Cohen was initially interested in exploring how humans make and read representations (drawings, pictures, shapes, etc.). He believed that if he could teach a computer how to draw, he would have a better understanding of this process. So he began to build an application that would be able to create original vs. pre-programmed drawings -- an artist vs. simply an artistic tool.

He ultimately designed an application that uses an expert based system to hierarchically encapsulate and model the behavior that an artist employs to create art. At the highest level, the application makes decisions relating to the organization and composition of its images. At the lowest level, it computes the instructions for drawing the lines and shapes that make up the drawing.

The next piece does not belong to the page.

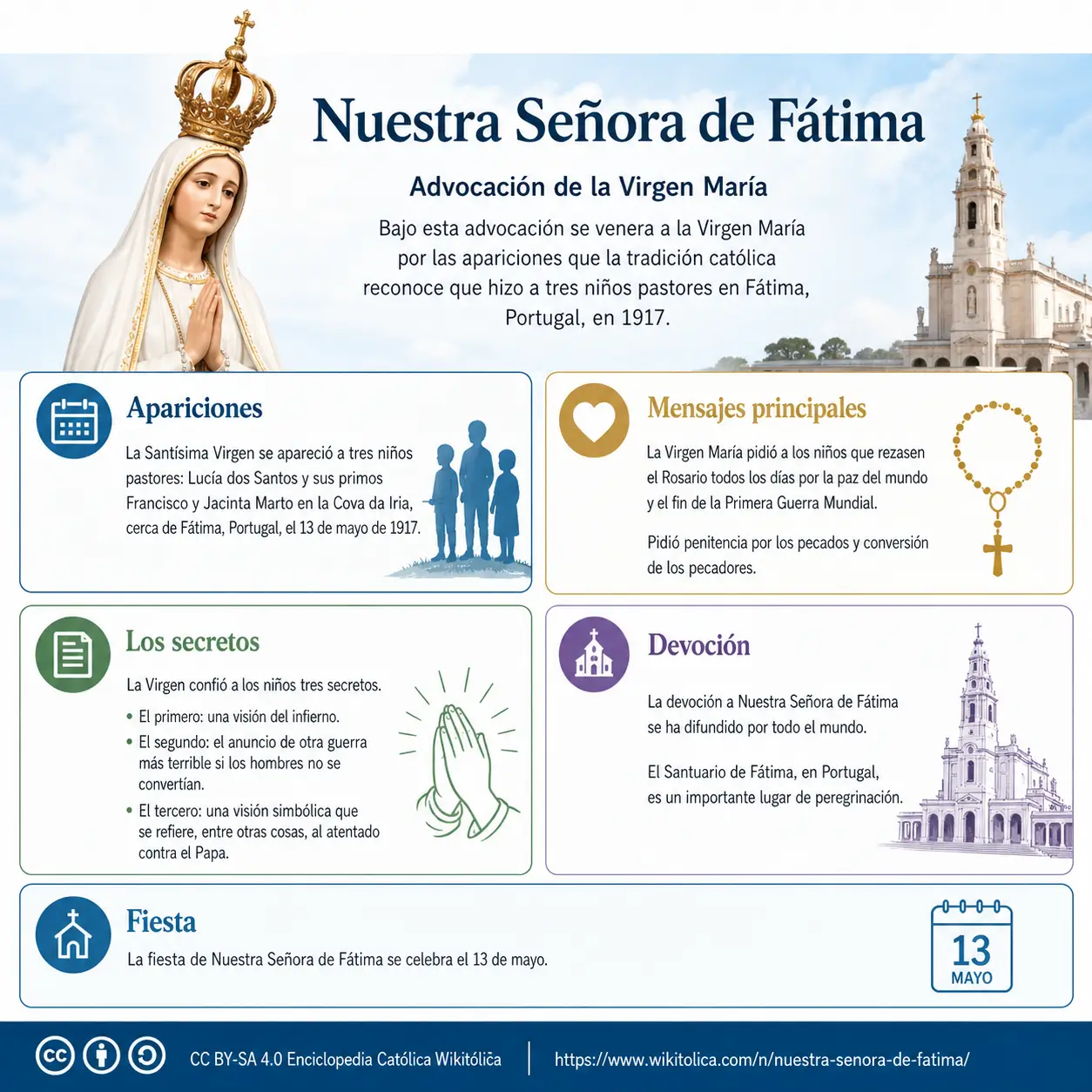 Infografía de Nuestra Señora de Fátima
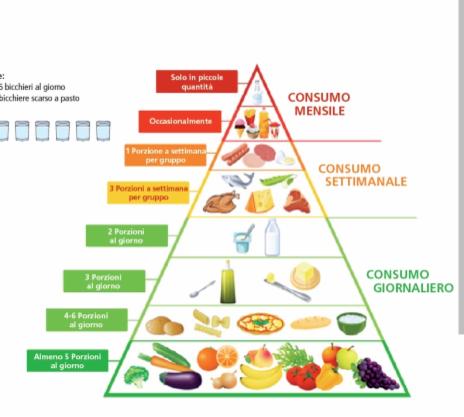 Nutrizionista Alessandra - Foto 4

Over the years, AARON's artwork has evolved from simple lines and scribbles to complex colorful paintings of recognizable figures and shapes. And, Cohen couldn't have done it without Lisp.

Although Cohen built his original program in Algol and then C, he eventually ported it to Lisp when the tasks he needed AARON to accomplish grew too complex to express in C. "I realized finally, that a human and a machine are both "hardware dependant" and simply can't approach things in the same way, even if the final goal is very similar" argues Cohen. "A human colorist proceeds largely by trial and error, relying upon feedback from a sophisticated visual system. A computer program lacking such a system has to function through a complex, knowledge-based rule-set to generate the entire image before a drop of paint hits the canvas."

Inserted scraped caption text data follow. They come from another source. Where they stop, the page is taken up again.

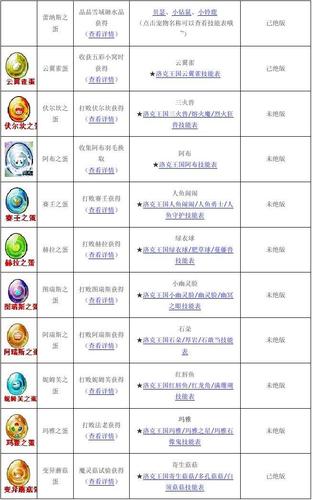 洛克王国刷体能最快(洛克王国辅助刷体能)-第2张图片-文史 洛克王国刷体能最快(洛克王国辅助刷体能)-第2张图片-文史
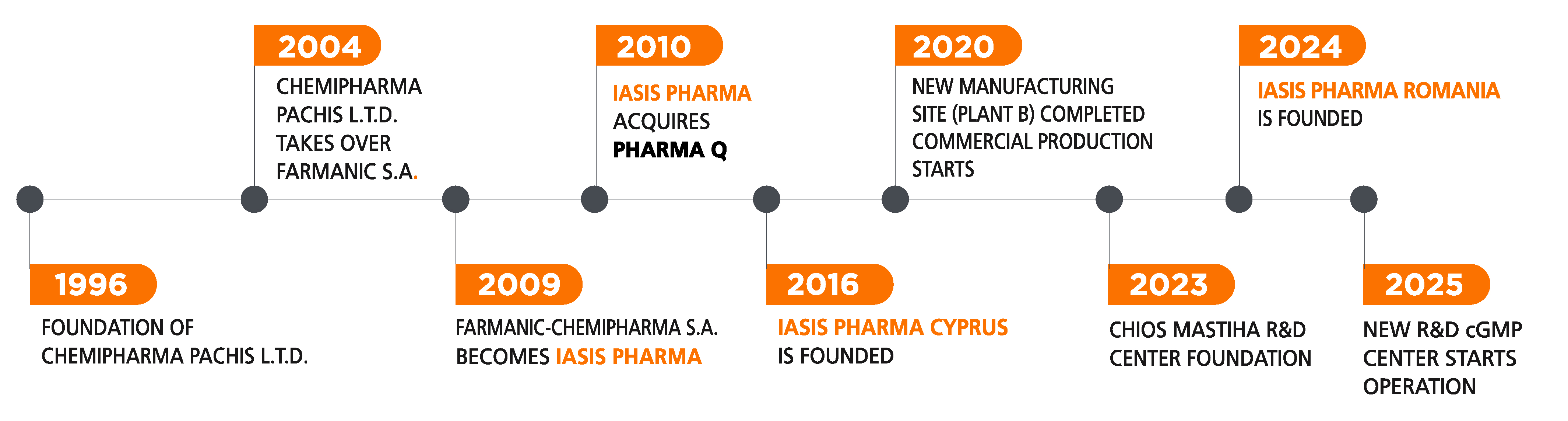 iasis-landmarks_updated-2024_en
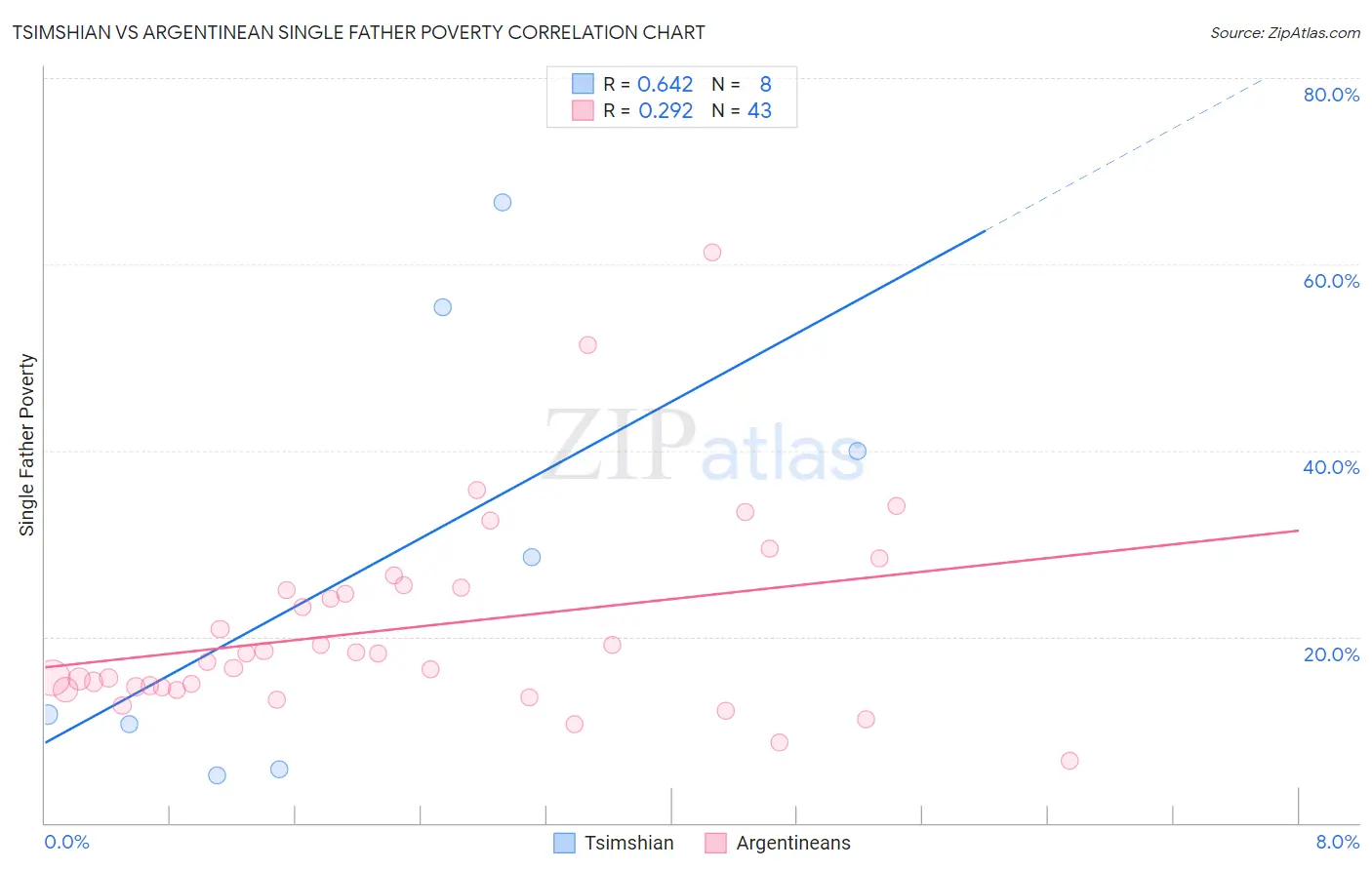 Tsimshian vs Argentinean Single Father Poverty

"Lisp and Common Lisp in particular, allow me to express these abstractions in a way that C and C-like languages do not support. For example, I spent a couple of years trying to understand how to give the program a sufficient body of expert knowledge to allow it to function as a colorist autonomously. It became clear to me that it wasn't going to happen in C. It was only when I switched to Lisp that I was able to formulate the problem." says Cohen.

Lisp also gives Cohen the flexibility he needs to make adjustments to the AARON program. He likes the fact that with Lisp, he can make a single change to a single function, without needing to recompile the code. This saves significant time and energy since the application is over a megabyte in size!

Further, Cohen believes that no other language can build complex data structures like Lisp can. "This is a critical feature since it takes nearly 1000 control points simply to create a single figure, and that's only a small part of the program's internal representation of the image as a whole." he explains.

The most recent version of AARON was developed in Allegro CL by Franz Inc. "I was impressed by the complete development environment Allegro CL provides." says Cohen. "The Franz support was also exceptional -- the support team helped me with AARON's graphical interface, as well as provided programming tips to make it run faster and reduce the overall application size."

Cohen has now collaborated with Kurzweil CyberArt Technologies to make AARON available to everyone and extend his audience beyond the few who could afford to buy his artwork. Cohen is excited about this latest "output device" for the AARON software program. Where the earlier AARON used a large machine with a robotic arm to mix it's own paints and to manage the drawing and coloring, the "new" AARON creates paintings directly on a person's computer. These paintings can then be printed out, emailed to friends, or generated as a screensaver. No two paintings are the same.

The artistic abilities of both the original and desktop versions of AARON will increase as Cohen continues to explore and model art-making behavior. "Programming gives me the power to work on a higher level of abstraction than painting does, " he emphasizes. "It's as if I work on the level of the platonic ideal, while the paintings the program generates are the earthly instantiation of that idea."